Fully restructured and back to business, GM’s core brands posted an impressive 21-percent year-over-year sales increase in 2010. That gain comes on the heels of a 16-percent gain in sales for December 2010.
Impressive as those numbers may be, what’s most impressive is that the company did it with half as many brands. With Pontiac, Hummer, Saturn and Saab gone and kicking out their last remaining inventory, GM’s four “core brands,” Buick, Cadillac, Chevrolet and GMC, managed to handily outsell Old GM. That is, New GM sold 118,435 more vehicles in 2010 with just four brands than Old GM sold in 2009 with eight brands. For perspective, Saturn was selling about 100,000 cars annually just before it was shuttered, so GM managed to add a whole brand’s worth of sales while cutting four brands.
Of course, in absolute numbers, it’s a little less shocking.

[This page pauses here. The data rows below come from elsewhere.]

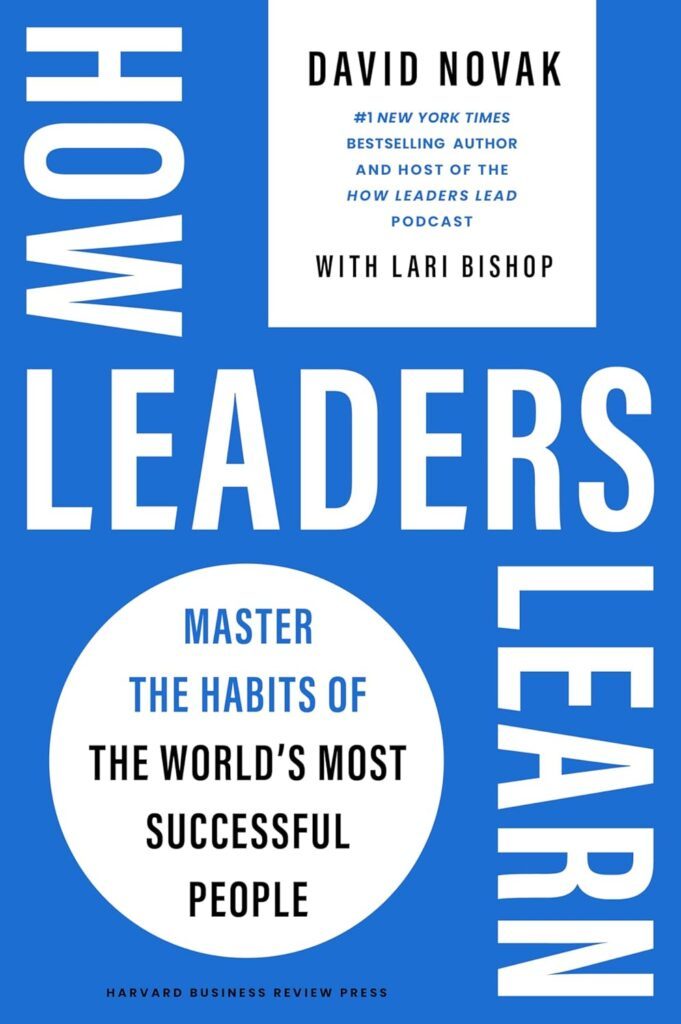 How Leaders Learn by David Novak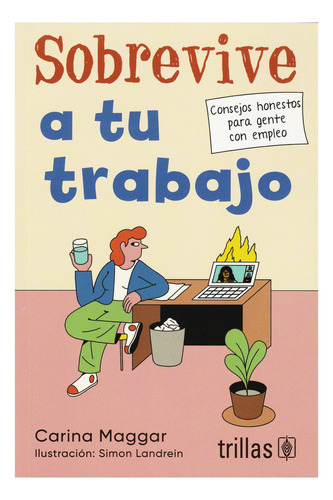 Sobrevive A Tu Trabajo, De Carina Maggar. Editorial Trillas, Tapa Blanda En Español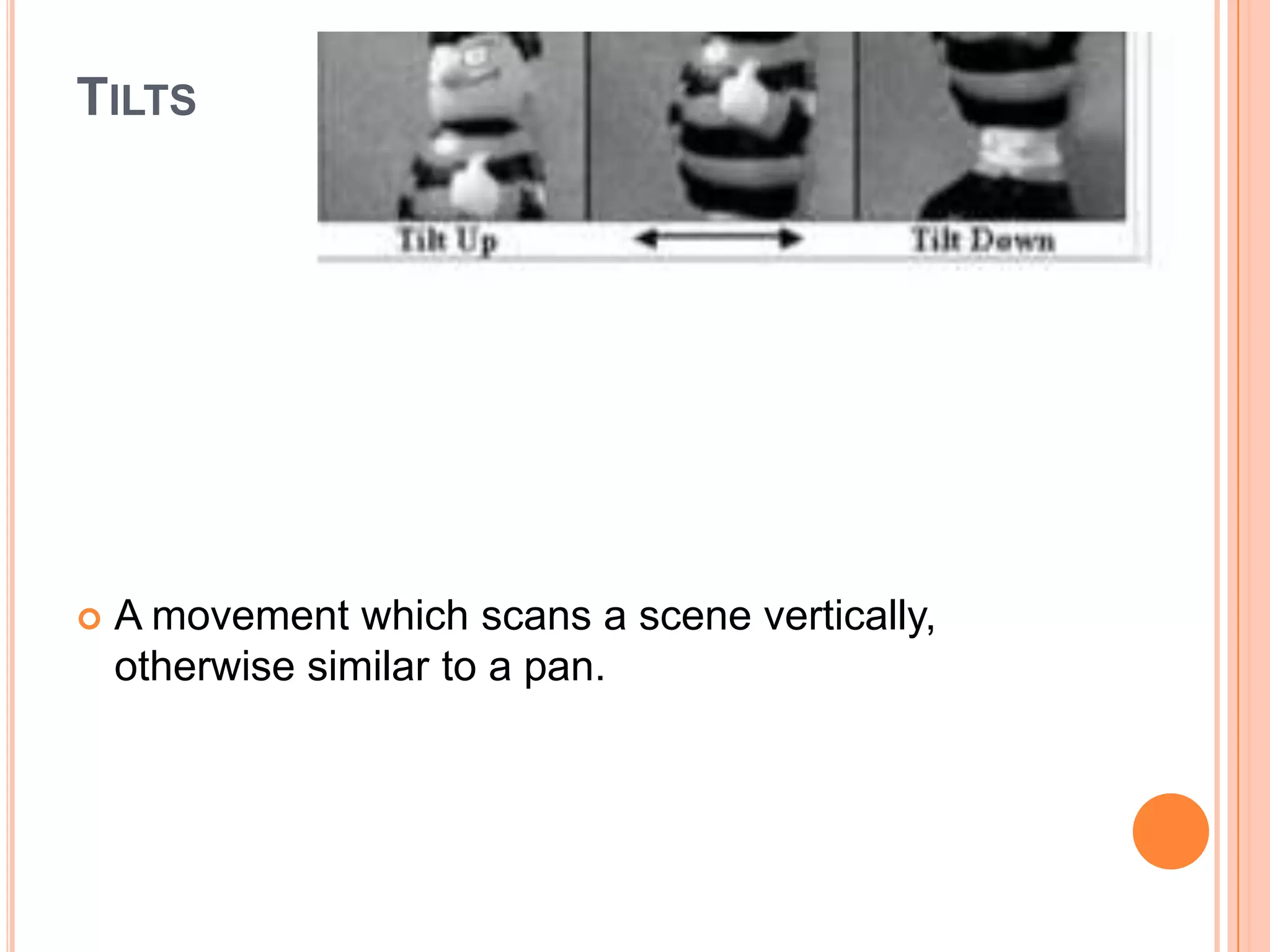 TILTS




   A movement which scans a scene vertically,
    otherwise similar to a pan.
 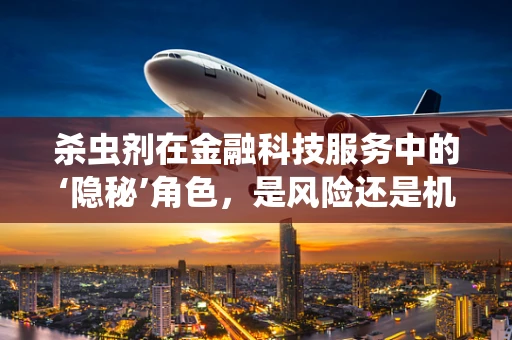 杀虫剂在金融科技服务中的‘隐秘’角色，是风险还是机遇？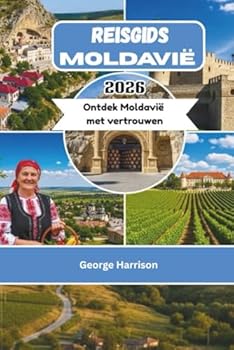 Paperback Reisgids Moldavië 2026: Ontdek Moldavië met vertrouwen [Dutch] Book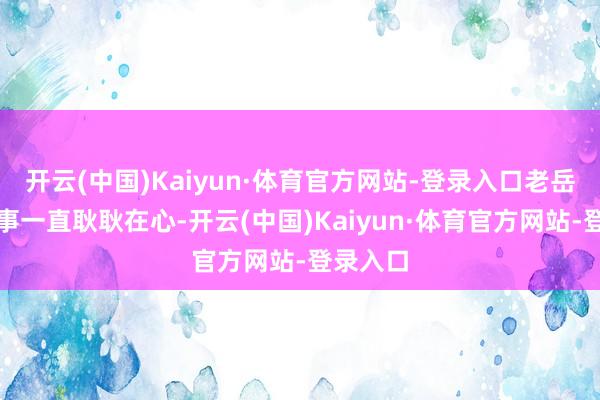 开云(中国)Kaiyun·体育官方网站-登录入口老岳父对此事一直耿耿在心-开云(中国)Kaiyun·体育官方网站-登录入口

The non-core brands accounted for a significant amount of GM’s 2009 sales, 268,686 worth, to be exact. In total, GM sold 2,215,227 new vehicles in 2010, up from 2,084,492 in 2009, a 6.3-percent increase.
Over at the individual brand headquarters, it was definitely a party. Buick sales are up 52 percent, leading GM to claim that Buick is the fastest-growing brand in the U.S. The General is making similar claims about Cadillac, calling it the fastest-growing luxury brand in the U.S. thanks to its 35-percent gain. GMC also had an impressive year and has a 29-percent gain to show for it. Chevrolet, which has traditionally less vulnerable to swings with its larger volume, still managed a 16-percent gain.
“Our sales this year reflect the impact of GM’s new business model,” said GM VP of U.S. Sales Operations, Don Johnson. “The consistency of results that we achieved demonstrates the focus on our brands, dealers and customers, and how we compete aggressively for every sale, every day.”